Each line from the one containing "Bakery Box - 4" to the end of the data must be copied exactly, the first and last included; no other lines and no pictures belong in the copy.
*** Available records Section Begins ***
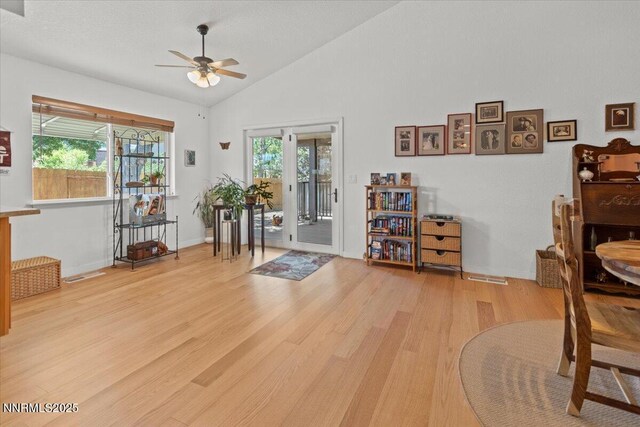 742 Long Valley Rd, Gardnerville, NV 89460 - living area with light wood-style floors, ceiling fan, and vaulted ceiling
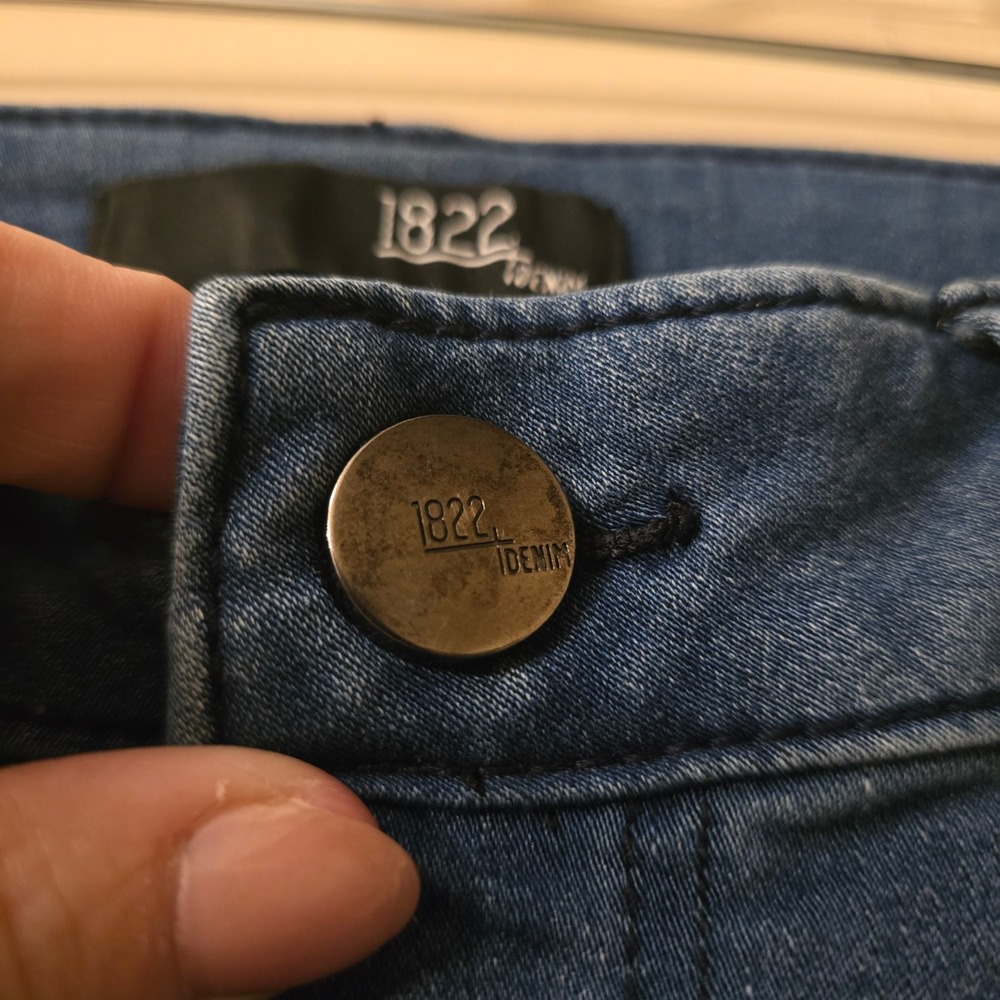 1822 Denim Womens High Rise Skinny Jeans Medium‎ Wash Blue Stretch Denim - Picture 7 of 7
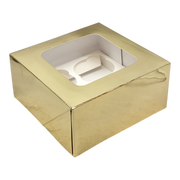 Bakery Box - 4 Cup Cakes or Cookies - Gold Foil
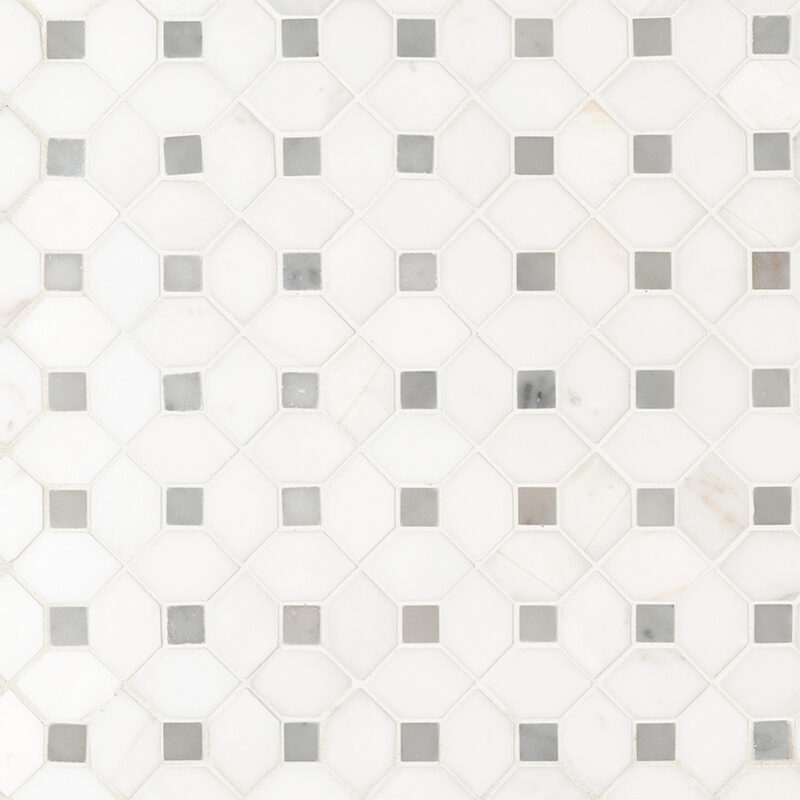 Bianco Dolomite Dotty Pattern Mosaic Tile tile, full view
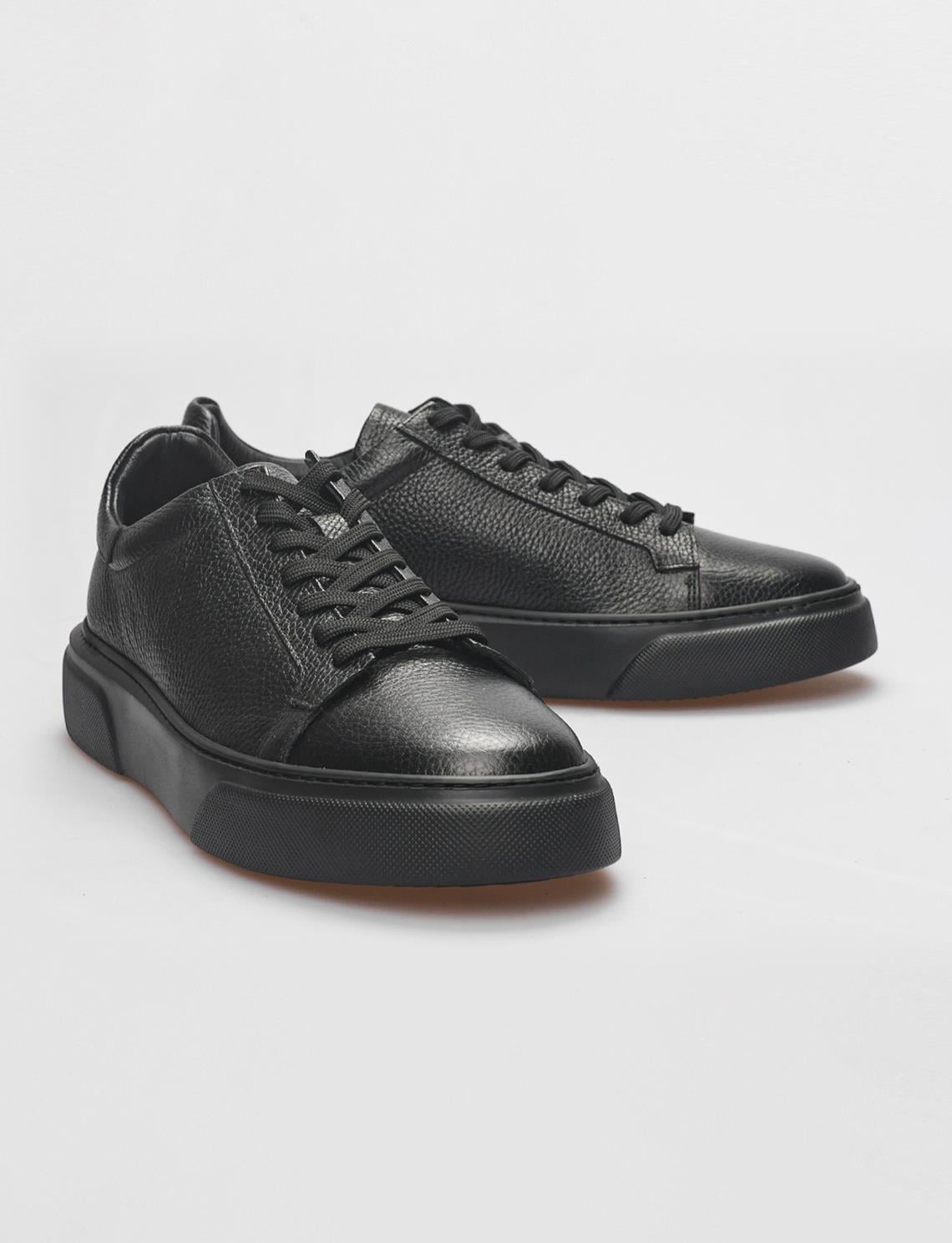 Genuine Leather Black Lace-up Men's Athletic Shoes
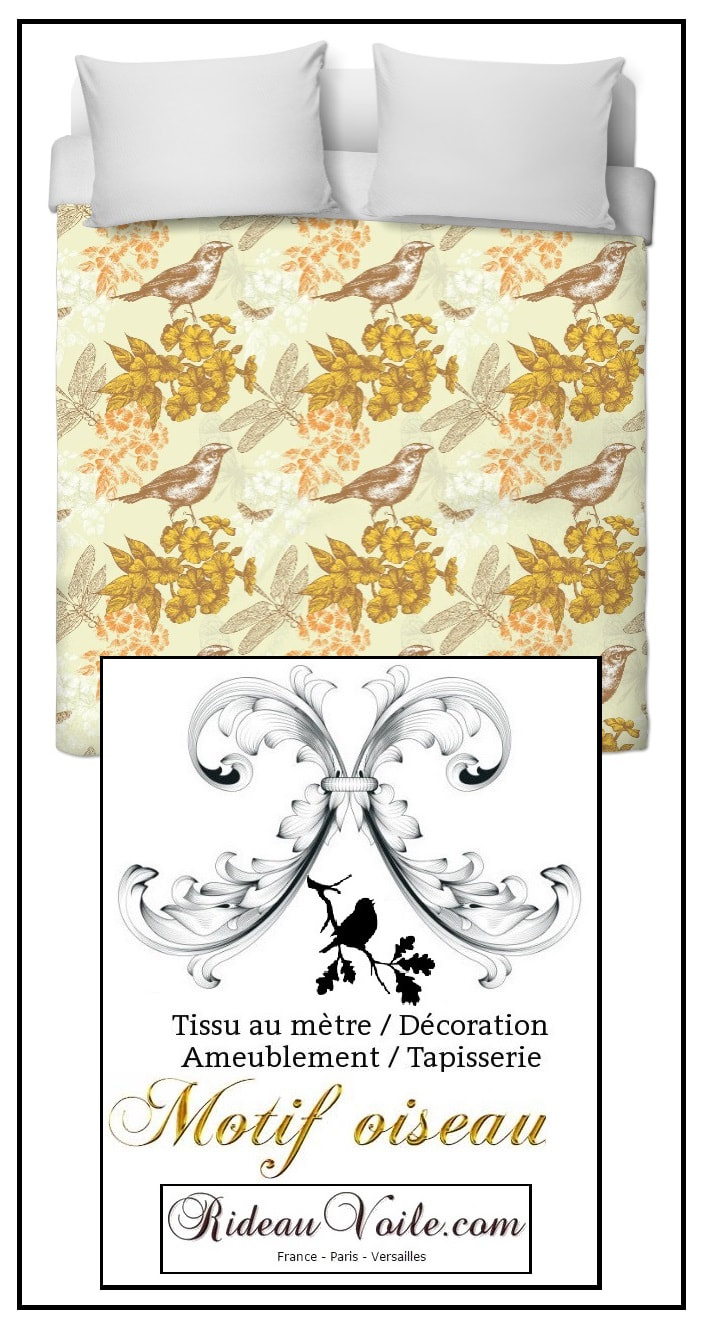 Phototissu housse de couette coton percale imprimé motif oiseau oiseaux fleur fleurs décoration chambre linge maison lit literie sur mesure comment achat boutique mètre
*** Available records Section Ends ***
» **Written response**:
 Bakery Box - 4 Cup Cakes or Cookies - Gold Foil
 Bianco Dolomite Dotty Pattern Mosaic Tile tile, full view
 Genuine Leather Black Lace-up Men's Athletic Shoes
 Phototissu housse de couette coton percale imprimé motif oiseau oiseaux fleur fleurs décoration chambre linge maison lit literie sur mesure comment achat boutique mètre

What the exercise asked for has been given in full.